Tuesday, June 7, 2016

Alberta NDP: Very Very Very Proud

Feeling pretty smug over my decision to abstain from voting in the last provincial election. I don't think I'm alone in feeling dismayed over the state of Alberta politics in general today. As a regular Albertan, I'd be embarrassed to be affiliated with any of Alberta's political parties currently sitting in the legislature.

It's terribly bad form to draw flippant comparisons between genocidal policies of the early twentieth century and recent legislative changes enacted by the NDP. It leaves me to wonder whether the Wildrose Party aren't in fact a cast of method actors, playing from a script designed to distract the attention of the audience away from the ruthlessness of the NDP leadership.


Today I'll probably catch myself wincing as I sift through the CLIMATE LEADERSHIP IMPLEMENTATION ACT - mainly because I liken parsing codified language to debugging a computer program written in (almost) human-speak. What's the real intent? How will it affect average single parent households vs. medium-sized retail business?

I predict the only folks who'll find themselves immune to the negative impacts of this bill would also find themselves on opposite ends of a lifestyle spectrum: backpack toting, skateboard riding minimalists; and ultra wealthy titans of industry. I somehow suspect everyone in the middle will bear the brunt of paying for this enactment.

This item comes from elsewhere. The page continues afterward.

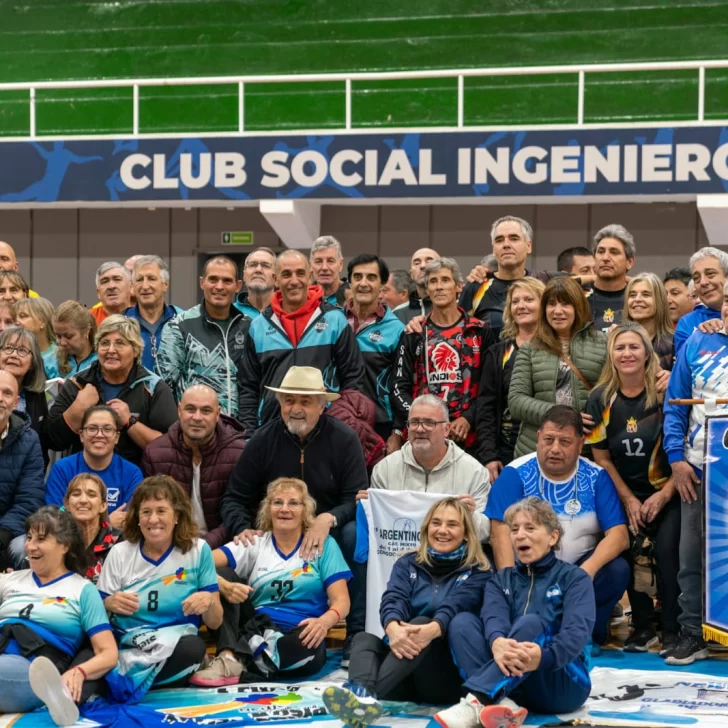 Comodoro, capital del deporte adulto: comenzó el Torneo Nacional de Newcom Mixto con 25 equipos de todo el país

A simplistically sure bet, and I do realize some form of action is necessary to position Alberta ahead of the global paradigm shift surrounding climate. Were the Alberta PC party still in power, I don't doubt they'd be pushing a strikingly similar mandate. Still, all I see is a manufactured sense urgency to reduce carbon emissions worldwide. Maybe I'll be proven wrong some day, but I still have great difficulty with the belief that putting a price on carbon will somehow have any tangible or measurable effect on our Earth's atmosphere.